Dashlane protects user data with unbreakable 256-bit AES encryption, a zero-knowledge policy, and a wide range of 2FA and account recovery options. It also comes with tons of useful extras.

Dashlane’s Firefox extension is great — during my tests, I found it very simple to generate and save new passwords, auto-fill logins, share passwords with other users, and fill out advanced web forms that even Firefox’s password manager was unable to fill out! Dashlane will even alert you to phishing websites that are posing as Dashlane, which is really cool.

The Firefox extension also works with Dashlane’s passkeys. Passkey authentication is a more secure alternative to passwords, and although the support for them is currently limited, it’s likely we’ll be seeing more and more websites and apps that allow account registration with passkeys in the future.

Dashlane also has a lot of additional features, including:

  • Virtual private network (VPN).
  • Dark web monitoring.
  • 1 GB cloud storage.
  • Multiple account recovery options.

I really like Dashlane’s VPN — Dashlane is the only password manager that’s bundled with a subscription to a standalone VPN: Hotspot Shield.
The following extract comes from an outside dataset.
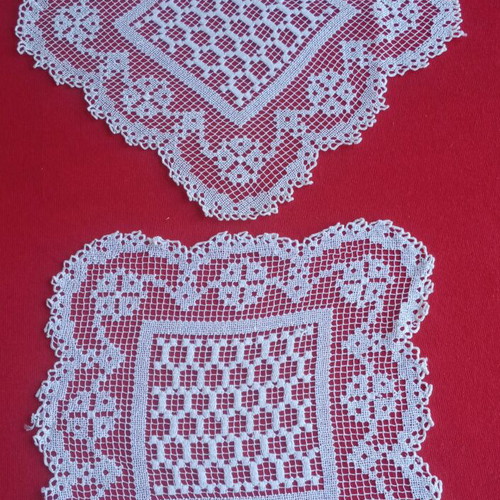 Two small filet lace vintage 50's doilies handmade from Tinos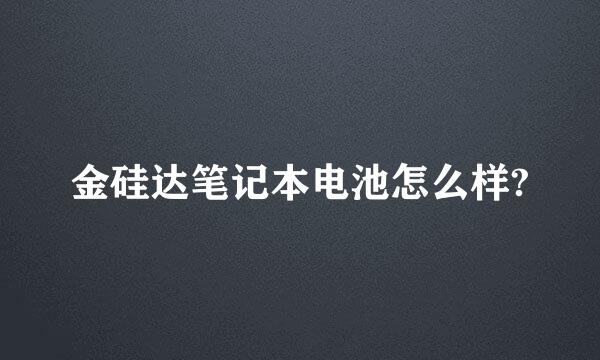 金硅达笔记本电池怎么样?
This VPN provides a 100% secure internet connection, is able to get around firewalls and internet restrictions, and works with popular streaming sites. Hotspot Shield isn’t quite as fast as the best standalone VPNs, but I could still watch videos without any buffering or lagging even when I was connected to very distant servers.

Dashlane Free runs on 1 device, has unlimited password storage, and lets you share unlimited passwords, but it doesn’t come with the VPN (so you’ll want to upgrade). Dashlane Advanced ($2.75 / month) works on unlimited devices and includes all of Dashlane’s features for a single user except for the VPN and advanced phishing protection. Priced at $4.99 / month, Dashlane Premium adds those features, too. Dashlane also has a family plan that covers 10 users and adds a family management dashboard for $7.49 / month.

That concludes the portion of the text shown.